**Keywords:** Interactive Theorem Proving, Proof Mechanisation, Higher Order Logic, Graph Theory

**Units:** 12/24 units

**Background**

Mechanising mathematics is the task of turning (relatively) well-understood mathematics into verified proofs with an interactive theorem-proving system. Such verified material can then lie behind high-assurance software.

This project is an opportunity for students who wants to learn the HOL4 theorem-proving system and realise an important piece of mathematics. At thesis level (24 units), the simple mechanisation of the mathematics would need to be augmented with an application of the mechanisation and/or significant novelty in the nature of the proofs.

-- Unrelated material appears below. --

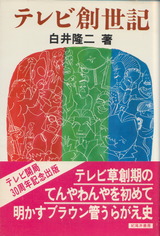 テレビ創世記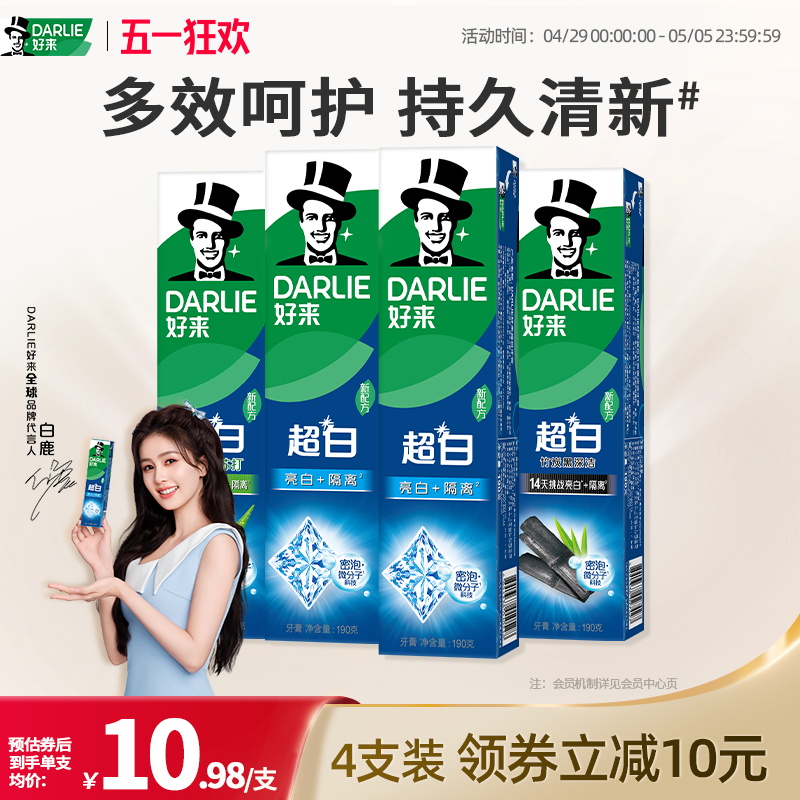 DARLIE好来原黑人小苏打美白牙膏薄荷茶倍健清新口气美白含氟正品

**Research Questions and Tasks**

The aim of this research project is to mechanize the beginning part of Graphy Theory in the HOL theorem prover (HOL4), following [Diestel] (or [Diestel4]). The basic definitions of (simple) graphs are already there. This will include the following tasks:

- Mechanize all major theorems of Chapter 2 (Matching, Covering and Packing) of [Diestel].
- (for 24 credits) Mechanize all major theorems of Chapter 3 (Connectivity) of [Diestel].

The development should follow modern techniques and guidelines for HOL4, e.g. [HOLTutorial] and [HOL4]. Ideally, the project will be submitted to HOL4 official as part of its core theories.

NOTE: The student will get some basic training through a mini course to get familar with interactive theorem proving (ITP) techniques (and HOL4 in particular).

**References**

*[HOLTutorial]*The HOL System LOGIC*[HOL4]*The HOL System DESCRIPTION*[Diestel]*Diestel, R.: Graph Theory, 5th Edition. Springer-Verlag (2017). doi:10.1007/978-3-662-53622-3*[Diestel4]*Diestel, R.: Graph Theory, 4th Edition. Springer-Verlag (2010).

**Requirements:**

Basic knowledge of formal logic and lambda-calculus (simple typed); some experiences with interactive theorem provers; mathematics (discrete mathematics and graph theory basics)